La visiteuse brûlait de demander pourquoi, mais elle craignait que les murs aient des oreilles.
– Vous, c'est différent. Dans votre métier, vous êtes habituée à ce genre de spectacles.
Exaspérée de ne pouvoir poser de questions, la jeune femme se mit à ranger ses seringues.
– J'aime que vous vous appeliez Françoise. Cela vous va à merveille: c'est beau et c'est sérieux.
Un instant stupéfaite, l'infirmière éclata de rire.

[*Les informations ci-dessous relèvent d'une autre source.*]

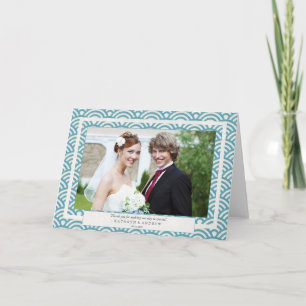 Japanese Seigaiha Wedding Thank You/Custom Text You Card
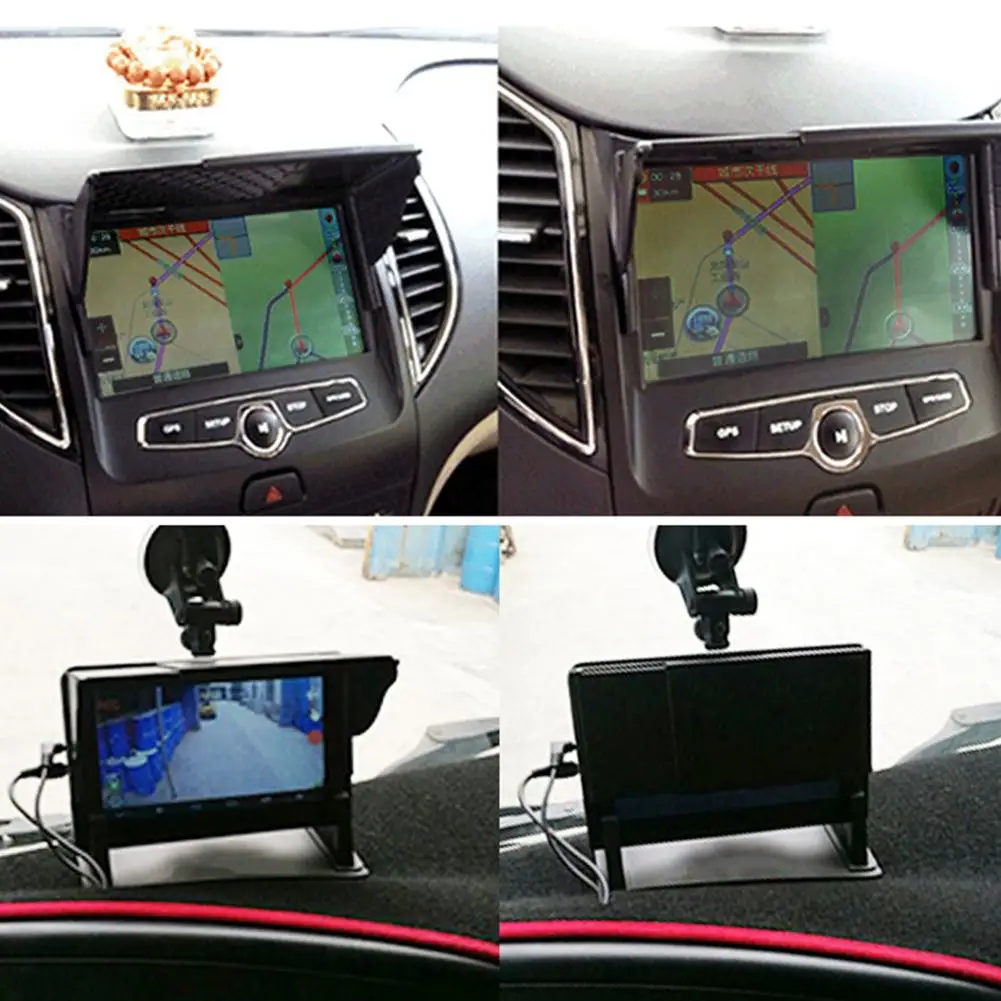 5.5-10 Inch Car GPS Sunshade Cover GPS Screen Sun Shade Visor Car Central Dashboard Navigator Display Interior Accessori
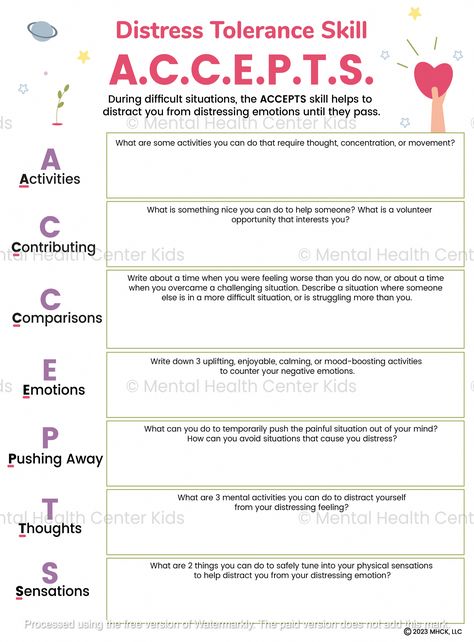 DBT ACCEPTS Worksheet – Mental Health Center Kids #Nurturing #FitnessTips #Understanding #Mental #Health #HealthyLifestyle #Emotional #Wellbeing #HealthTips Distress Tolerance Activities, Dbt Worksheet, Dbt Activities, Dbt Skills Worksheets, Seeking Safety, Distress Tolerance Skills, Dbt Therapy, Coping Skills Activities, Counseling Techniques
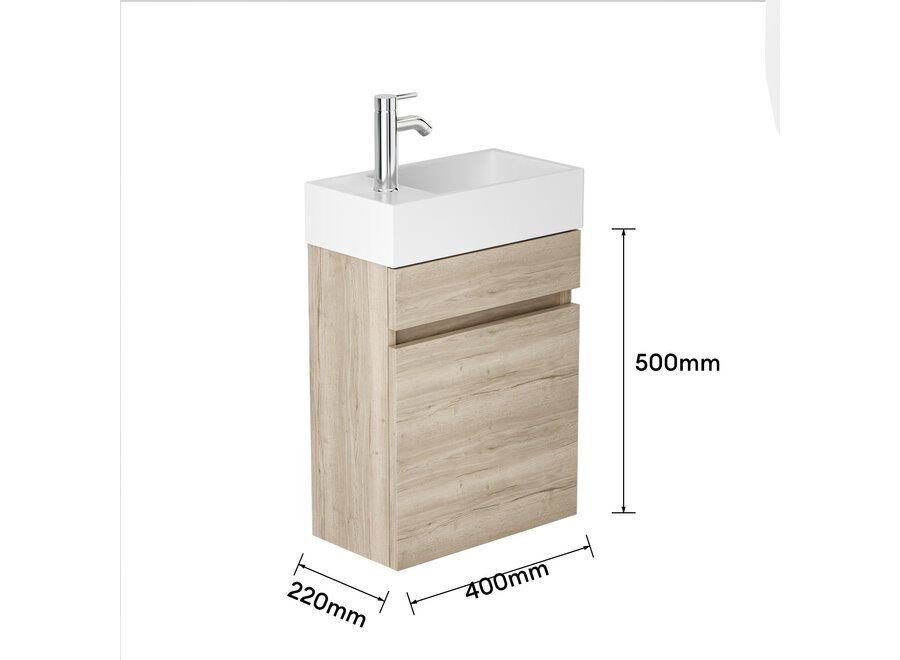 Toiletmeubel Fontein 40 cm – Compact en Stijlvol - Natural Oak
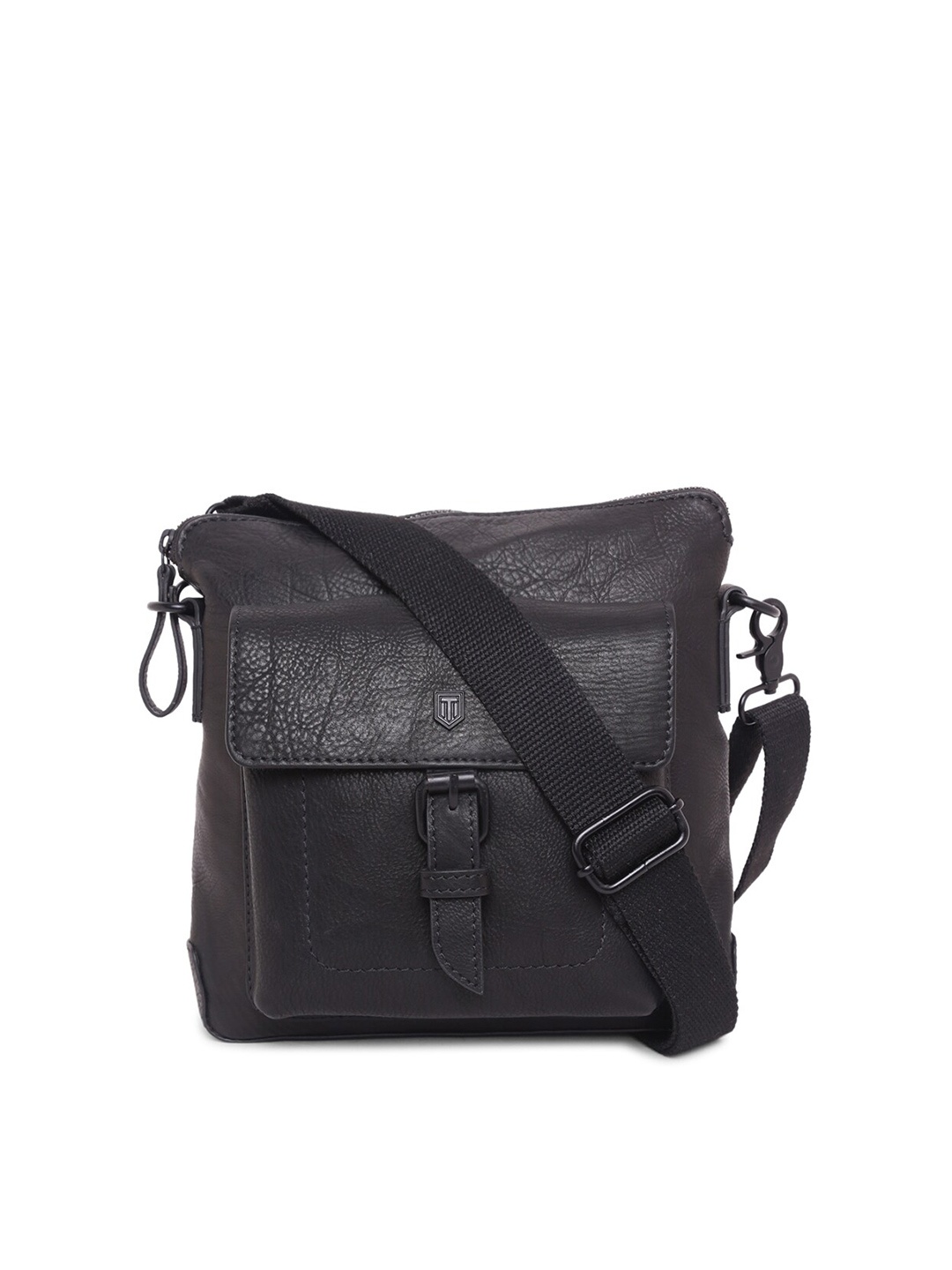 

TOM LANG LONDON Leather Messenger Bag, Black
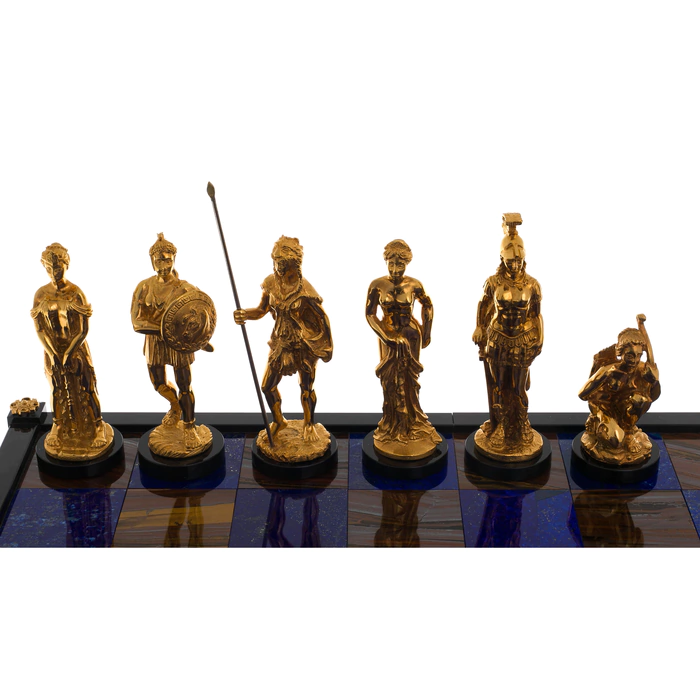 Chess made of lapis lazuli and tiger's eye "Amazon"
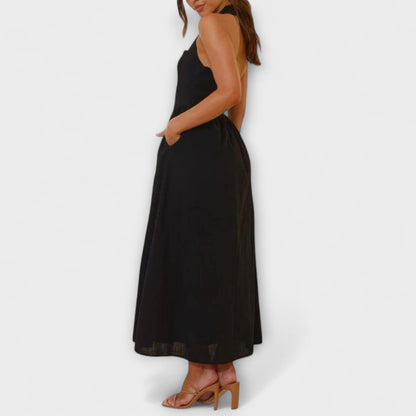 Lydia - Mid-Length Black Halter Dress with Waist Detail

– C'est vrai! Pourquoi riez-vous? Vous êtes belle et sérieuse.
– Ah.
– Quel âge avez-vous? Oui, je sais, je suis indiscrète. Il ne faut pas m'en vouloir, je ne connais pas les usages du monde.
– Trente ans.
– Vous êtes mariée?
– Célibataire et sans enfant. Vous êtes bien curieuse, mademoiselle.
– Appelez-moi Hazel. Oui, je suis dévorée de curiosité. Il y a de quoi. Vous n'avez pas idée de ma solitude ici, depuis cinq ans. Vous n'avez aucune idée de la joie que j'éprouve à vous parler. Avez-vous lu Le Comte de Monte-Cristo?